Buttigieg was accompanied by state Democrats Gov. Jared Polis, Sens. Michael Bennet and John Hickenlooper, and Rep. Joe Neguse, as well as Colorado Department of Transportation executive director Shoshana Lew and I-70 Coalition director Margaret Bowes.
“Floyd Hill is an incredible pain point on I-70,” said Bennet, “both for Coloradans that are trying to get to and from the mountains, but also for everybody who's coming across the United States of America and has a reason to expect that they can travel on a hill that's actually safe.”

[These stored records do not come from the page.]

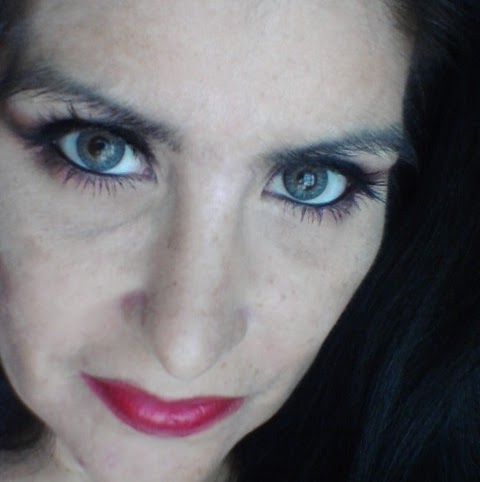 Elizabeth Martinez Photo 21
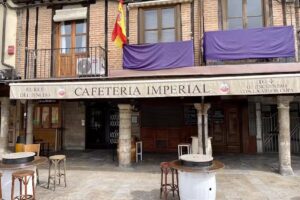 Caf&eacute; Imperial. Taper&iacute;a y copas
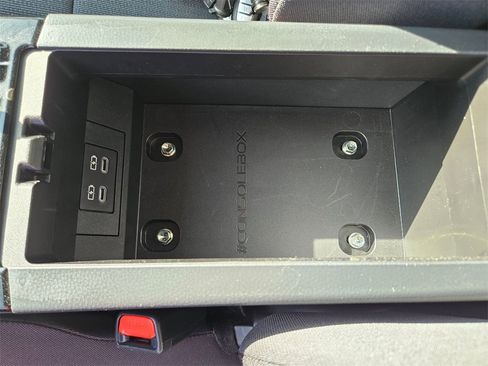 Used 2025 Toyota Prius LE image 27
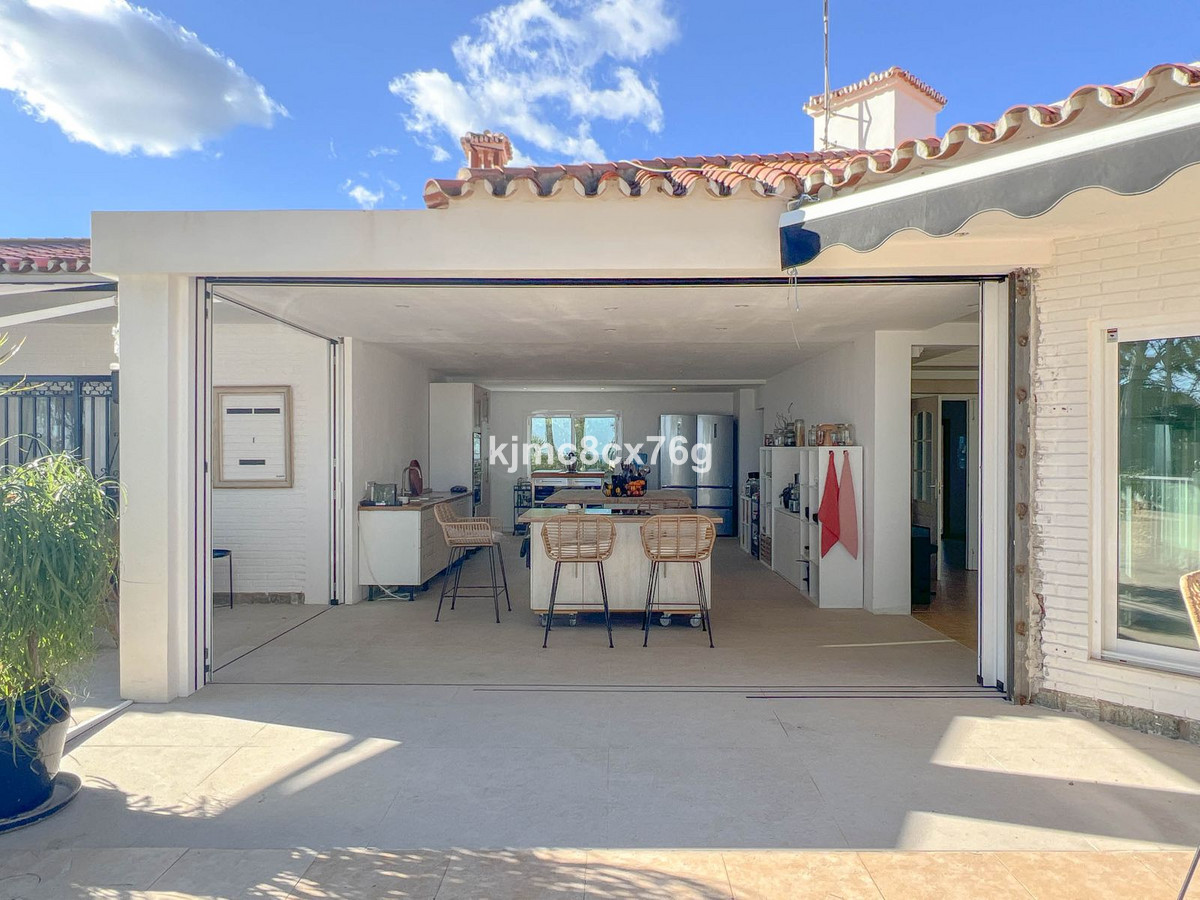 Se vende Villa - Chalet de 7 dormitorios en Costa Del Sol, Málaga, España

The hundreds of millions of dollars expected to fund the project will come, in part, from President Joe Biden’s 2021 bipartisan infrastructure bill, as well as state funds. Colorado is expected to receive nearly $5.5 billion in federal funding over the coming five years for infrastructure, like the Floyd Hill project, that would be used to improve roads, bridges, public transportation, airports, electric vehicle charging networks and highway safety programs.

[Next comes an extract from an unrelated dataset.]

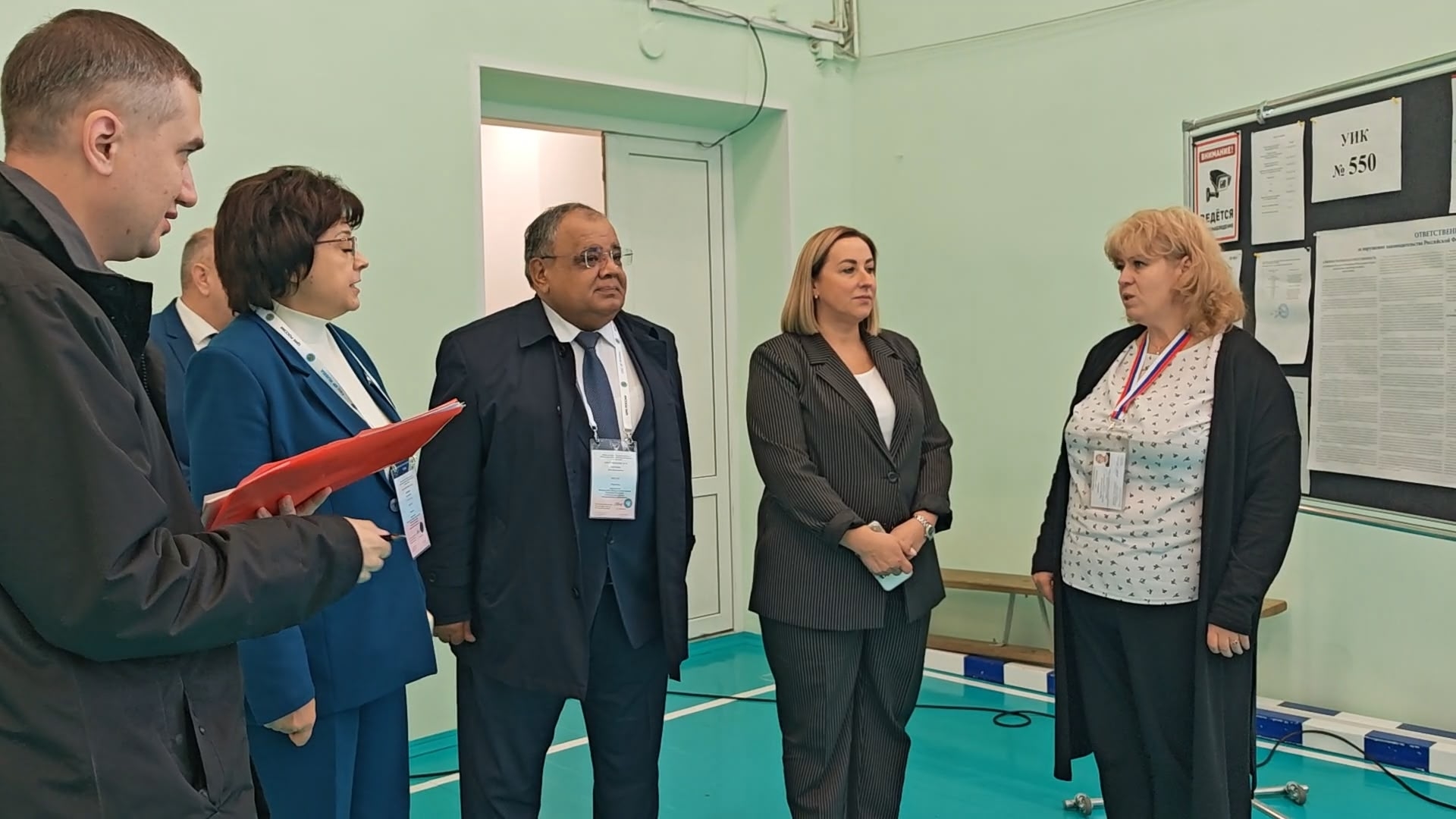 В Кировском районе работают международные наблюдатели за процессом голосования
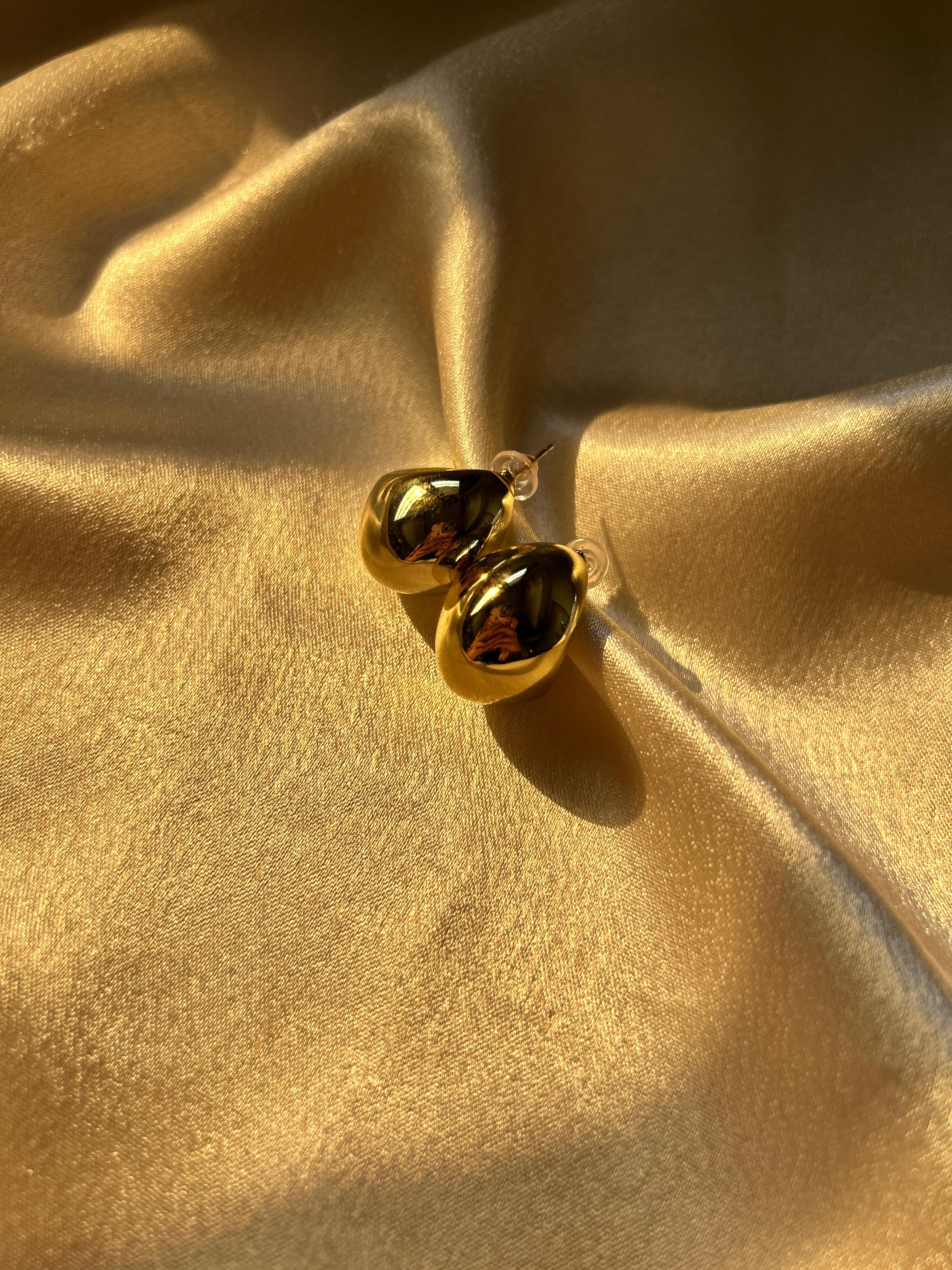 💛 Molten Drop Studs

“Leadership and commitment at the state level means that states like Colorado are especially well positioned to hit the ground running and take advantage of federal legislation and the federal funding that’s coming your way,” Buttigieg said.

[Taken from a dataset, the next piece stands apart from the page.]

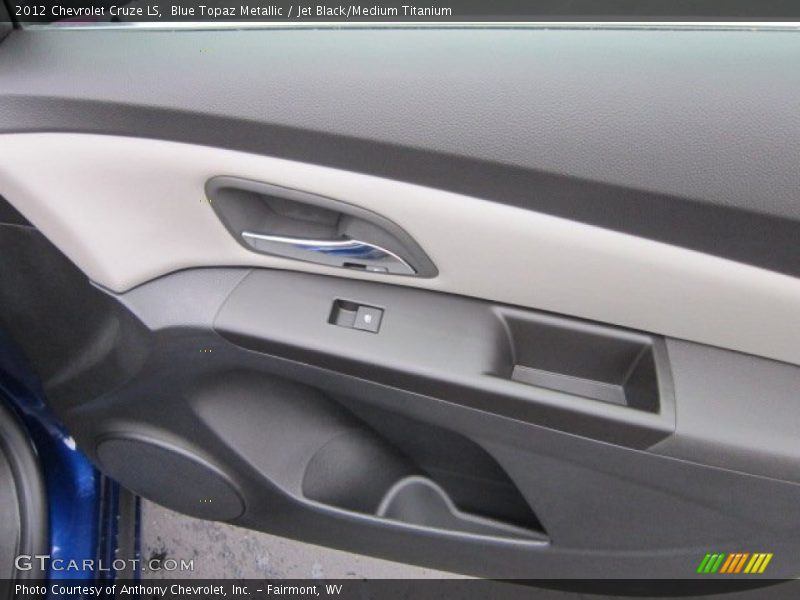 Blue Topaz Metallic / Jet Black/Medium Titanium 2012 Chevrolet Cruze LS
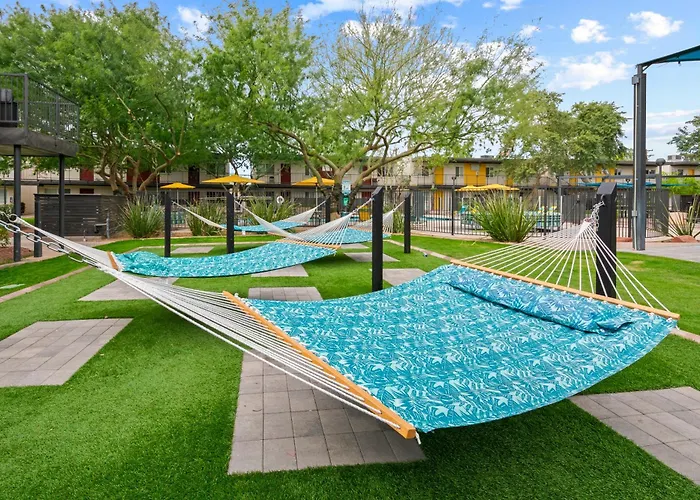 2b1b Stylish Haven - Pool And Parking Apartment Tempe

The Colorado Department of Transportation says the project will reduce congestion, expand the highway for more capacity, replace a deficient bridge, make improvements to interchanges and intersections in the area, and revamp the design of the highway. It will also add a new transportation service called Pegasus, build upon existing pedestrian and bicycle trails, coordinate rural broadband access, add two air quality monitoring stations and build two wildlife crossings.
Clear Creek County Commissioner Randall Wheelock, who’s been outspoken about public transit and climate change, says he supports the project because it helps alleviate inefficiencies like the Floyd Hill pinch point.
“But it's still a highway-based solution. And those are solutions that we need. We need to improve the efficiency of highways. But we also need to develop as much as we can those other systems.”
While officials touted parts of the Floyd Hill project aimed at mitigating climate change, such as public transit and electric vehicle charging, Buttigieg acknowledged that “transportation is the single largest contributor of greenhouse gasses in the U.S. economy.”
CDOT has selected design and construction partners for the project, executive director Shoshana Lew said Thursday. Several months ago, they completed an environmental assessment, as required by federal environmental law, and are sifting through public comments.
Director Lew said she expects work to begin on the early stages of the project by this summer and see it finished in five years.
On Friday, Buttigieg will tour a facility for the Roaring Fork Transit Authority on the Western Slope and take a look at the ongoing repairs to I-70 in Glenwood Canyon.